1

I'm trying to write a regex that will look for the width and height attributes in a string (which will always be an html iframe) and replace the values that it has.

What I have is a string where ### could be any value, and not necessarily always 3 digits.

string iFrame = <iframe width="###" height="###" src="http://www.youtube.com/embed/xxxxxx" frameborder="0" allowfullscreen></iframe>

I want to end up with set values for the width and height:

<iframe width="315" height="215" src="http://www.youtube.com/embed/xxxxxx" frameborder="0" allowfullscreen></iframe>

I tried this, but am not good with regular expressions:

iFrame = Regex.Replace(iFrame, "width=\".*\"", "width=\"315\"");
iFrame = Regex.Replace(iFrame, "height=\".*\"", "height=\"215\"");

which resulted in:

<iframe width="315" allowfullscreen></iframe>

which is not what I want. Can someone help me?

Ben
  • 1,023
  • 7
  • 18
  • 35

3 Answers3

9

Replace your patterns to this:

"width=\"([0-9]{1,4})\""

and

"height=\"([0-9]{1,4})\""

Basically, you were using . which performs a greedy-capture. Meaning it grabs as many characters as possible. The patterns above look for any number character [0-9] that repeats between 1 and 4 times {1,4}. Which is what you are really looking for.

Shai Cohen
  • 6,074
  • 4
  • 31
  • 54
  • thank you for the response that worked for me! and the explanation. regular expressions are on my list of things to learn... – Ben Nov 16 '11 at 00:26
  • 1
    Glad it helped. Also, do a quick google search for RegEx pattern testers. They are often little programs that allow you to test your regex instantly. Probably the best way to learn. – Shai Cohen Nov 16 '11 at 15:08
3

You are better off using the HTML Agility Pack to parse and query HTML. It handles HTML fragments well.
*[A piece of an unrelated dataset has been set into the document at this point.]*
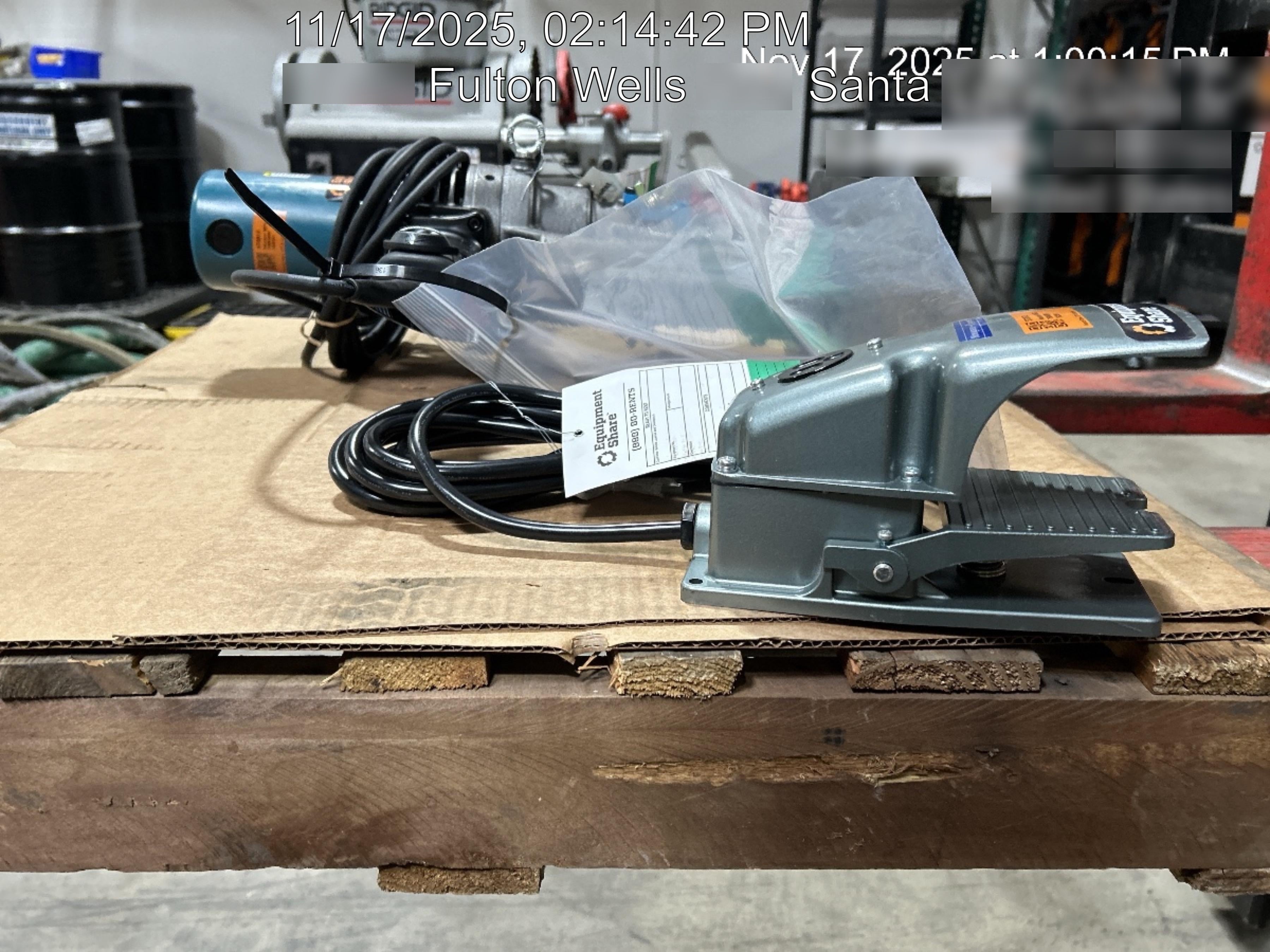 2025 HOUGEN MFG 75006PR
RegEx is not a good solution for parsing HTML, as this SO answer may convince you.

Community
  • 1
  • 1
Oded
  • 489,969
  • 99
  • 883
  • 1,009
  • 1
    Is there any answer other than `RegEx is not a good solution for parsing HTML use HTML Agility Pack`. Even referred library is the same always. I should save this string as a reputation hunter :) – L.B Nov 15 '11 at 22:37
  • @L.B - RegEx is _not_ a good solution for arbitrary HTML. And the library is a very good library, which is why it is referred to so often. Is this a problem? – Oded Nov 15 '11 at 22:39
  • Isn't there any other library, or is it always valid even for a simply parsing. – L.B Nov 15 '11 at 22:41
  • 1
    @L.B - It is good for HTML fragments, badly formed HTML and is fast. If you know the incoming format (and that it will not change or vary much), by all means, use RegEx. – Oded Nov 15 '11 at 22:43
3

I agree that this isn't the best way to work with html. The problem with your example is the . in you regex which is matching all chars and spaces up to the last " in the string. Change it to the code below which only matches non-whitespace characters.

iFrame = Regex.Replace(iFrame, @"width=""[^\s]*""", "width=\"315\"");
iFrame = Regex.Replace(iFrame, @"height=""[^\s]*""", "height=\"215\"");
Richard
  • 86
  • 6